What to produce: The answer is to be the data that follows, transcribed exactly, minus its pictures.

Source material:
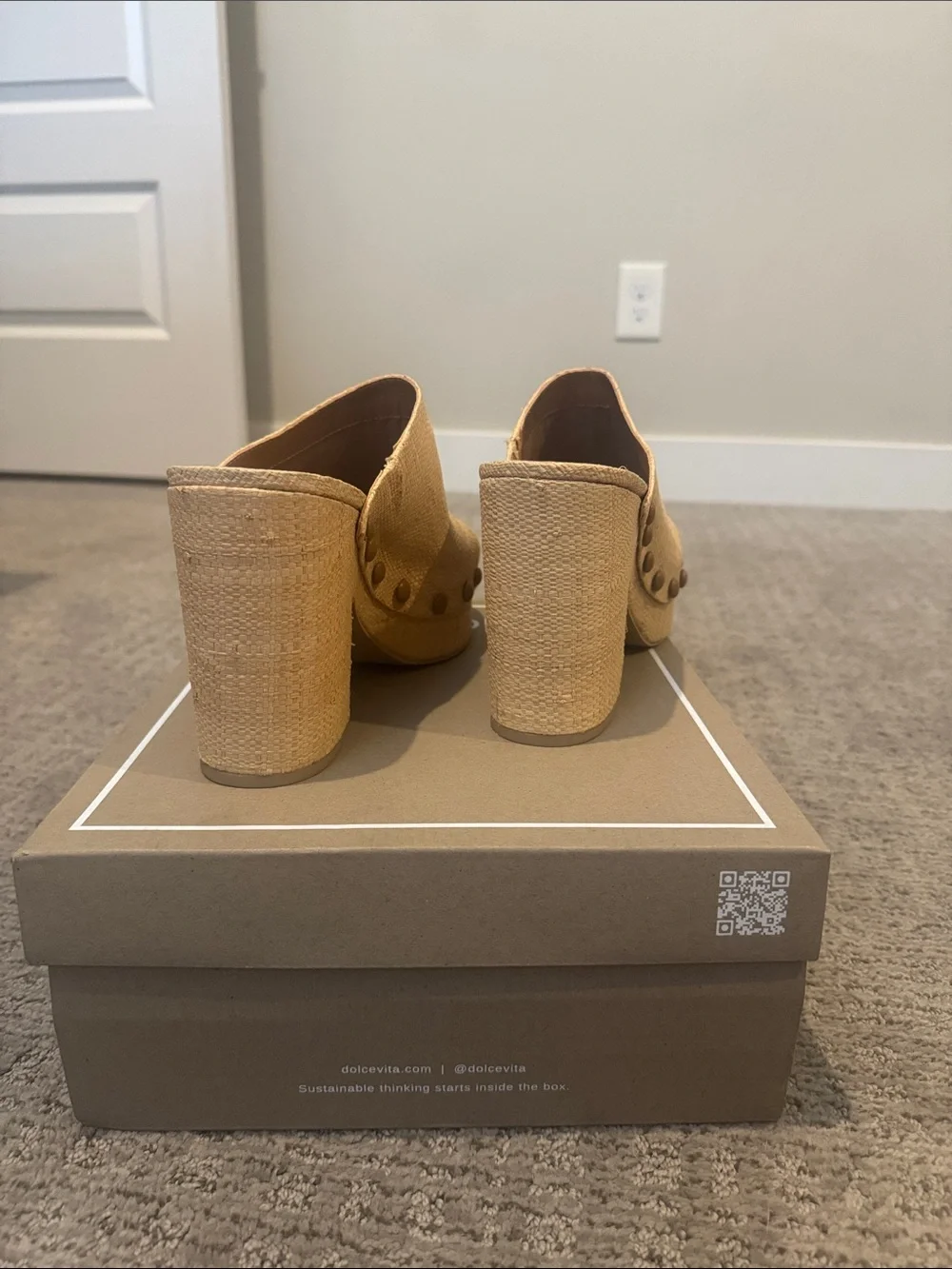 Dolce Vita Natural Raffia Tan Platform Mules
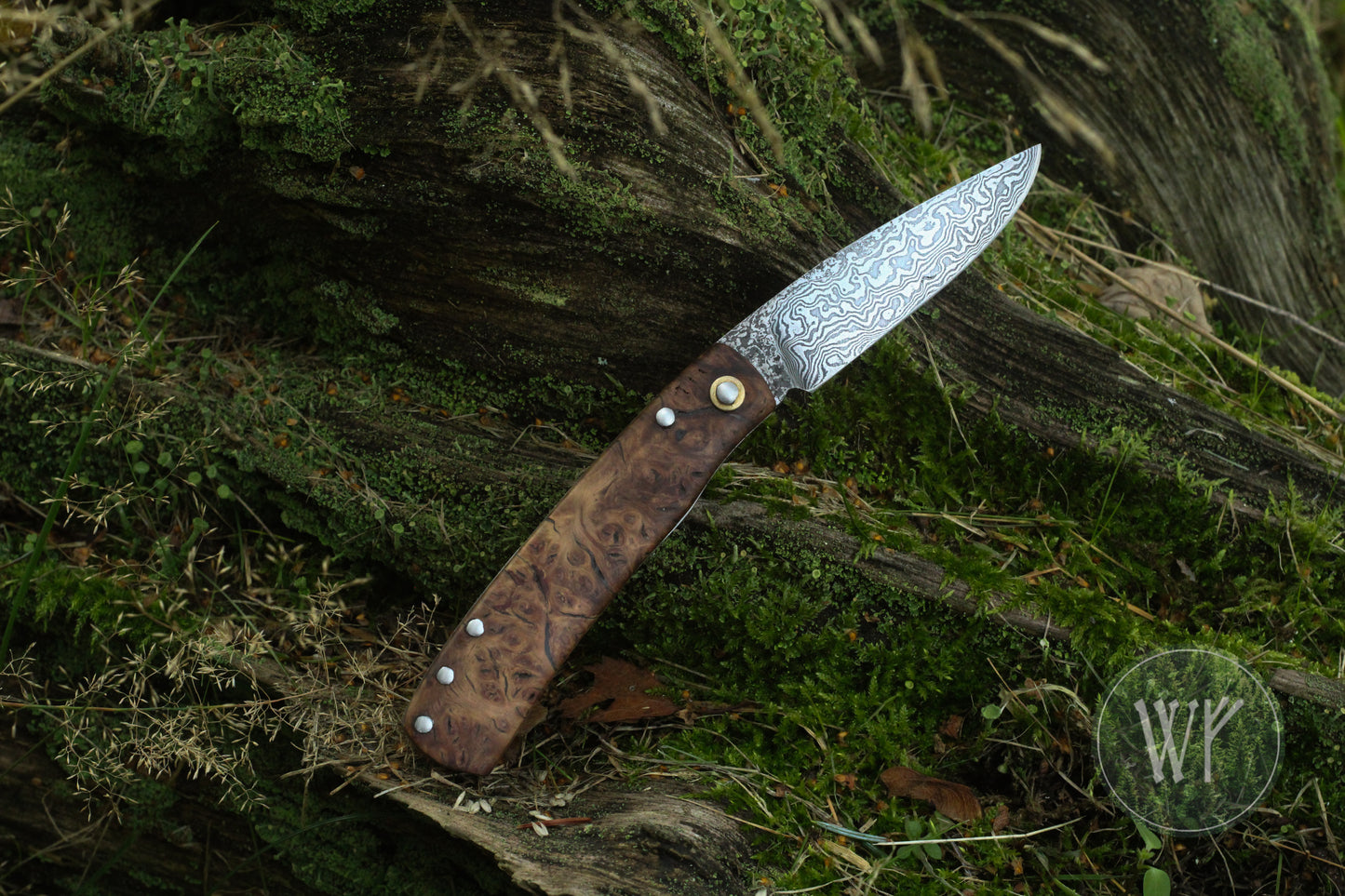 [RESERVED FOR GERD] Hand-forged dual-detente folder with Damascus Steel blade, Titanium Liners and Welsh Oak Burl Handle / Non-locking UK Legal Carry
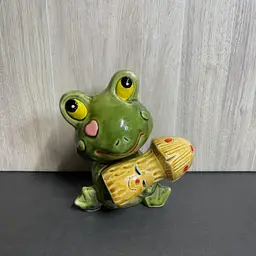 Inv. 6022 Frog Holding Mushroom Shakers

Expected answer:
 Dolce Vita Natural Raffia Tan Platform Mules
 [RESERVED FOR GERD] Hand-forged dual-detente folder with Damascus Steel blade, Titanium Liners and Welsh Oak Burl Handle / Non-locking UK Legal Carry
 Inv. 6022 Frog Holding Mushroom Shakers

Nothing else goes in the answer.